The MARK III Flat Matrix CRT has 16 color dots tiled in a 4 x 4 matrix pattern. The grid-electrodes match this pattern with four vertical (Y) and four horizontal (X) elements that intersect. A line cathode is located at each intersection. The Y grid electrodes run between the cathodes and the anode electrodes, while the X grid electrodes are behind the cathodes and serve as a back plane.
The X and Y grid electrodes are placed at a positive potential with respect to the cathode. The potential around the cathode becomes positive, creating an electric potential gradient that slopes down toward the high voltage anode electrode.
Thermoelectrons emitted by the cathode travel down this gradient and pass through the mesh of the Y grid electrode. They are accelerated by the anode voltage and penetrate the anode electrode, striking the phosphor screen. The excited phosphor emit light.

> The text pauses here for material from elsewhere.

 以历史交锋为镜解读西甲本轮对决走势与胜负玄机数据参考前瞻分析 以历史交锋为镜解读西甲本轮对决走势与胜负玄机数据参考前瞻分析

When either or both of the X and Y grid electrodes are placed at a negative potential with respect to the cathode, the potential around the cathode becomes negative, preventing electron travel toward the anode electrode.
No light is emitted because no electrons reach the phosphor screen.
The diagram above shows the basic control sequence of the driving circuits.
Each X-electrode is driven by the scanning signal at 1/4 duty cycle.
The Y-electrodes are driven by the pixel data signals. The duration of each data signal is varied according to the input video signal level of the corresponding pixel.
When the positive scanning signal and the data signal are both applied to the X and Y electrode, the selected phosphor dots emit light.